Мечта системы - это табель о рангах. Партия хочет управлять. Потому устанавливается строгий иерархический протокол званий. В зависимости от званий распределяются блага, престиж, возможности. Кого сажать поближе кого подальше. Кому путевку вне очереди, кому в очередь. Чьей жене положено иметь противозачаточные пилюли, а чьей не положено. Кому давать заказ, а кому нет. Во времена Ленина при открытии монумента в газетах писали сначала, кому монумент, потом кто автор, потом кто открывал. Сейчас пишут сначала - кому, потом - кто открывал, потом - кто были почетные гости. Имя скульптора указывается только, если он в иерархической лестнице занимает определенное место; этим подчеркивается его отношение к символике власти. Итак: не важно, как сделано, важно кто открывает работу. Монумент Марксу открывает Первый. Скульптуру козла открывает председатель колхоза. Основная борьба в искусстве идет не за художественное качество, а за "этот заказ тянет на Ленинскую премию". Еще ничего не сделано, а заказ уже "тянет".

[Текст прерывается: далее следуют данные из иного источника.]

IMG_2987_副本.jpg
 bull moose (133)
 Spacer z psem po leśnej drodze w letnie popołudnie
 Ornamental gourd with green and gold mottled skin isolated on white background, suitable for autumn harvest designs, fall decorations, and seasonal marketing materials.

Как-то в разговоре с одной идеологической дамой я ей указал, кого на Западе назвали "гениальным скульптором". Она мне в ответ: "Чего вы мне цитаты западных критиков тычете? Когда нам понадобится, чтобы кто-нибудь был гениальным, мы его назначим". Итак, гении назначаются. А если они не сумеют - товарищи помогут. Свободных художников, в принципе, нет. Существует иерархия функционеров. И задача чиновников - разбираться в этой иерархии, а не в искусстве.

...Со стороны диссидентов мне часто приходилось слышать жалобы на эстетические потребности публики. На самом деле, интересами публики никто не занимается. Социологичес-ких исследований на эту тему нет. Все решают функционеры. А функционер считает, что публике нужно то, что ему, функционеру, помогает жить. То, что не вызывает никакого административного сомнения. Это стихийное стремление к середине порождает стремление к низу. Когда нет, условно говоря, аристократии, которая бы поднимала середину вверх, теряется даже простой профессионализм. Это явление заметно не только в искусстве - его можно видеть и в науке, и даже в армии. И там приходится терпеть такие же издержки.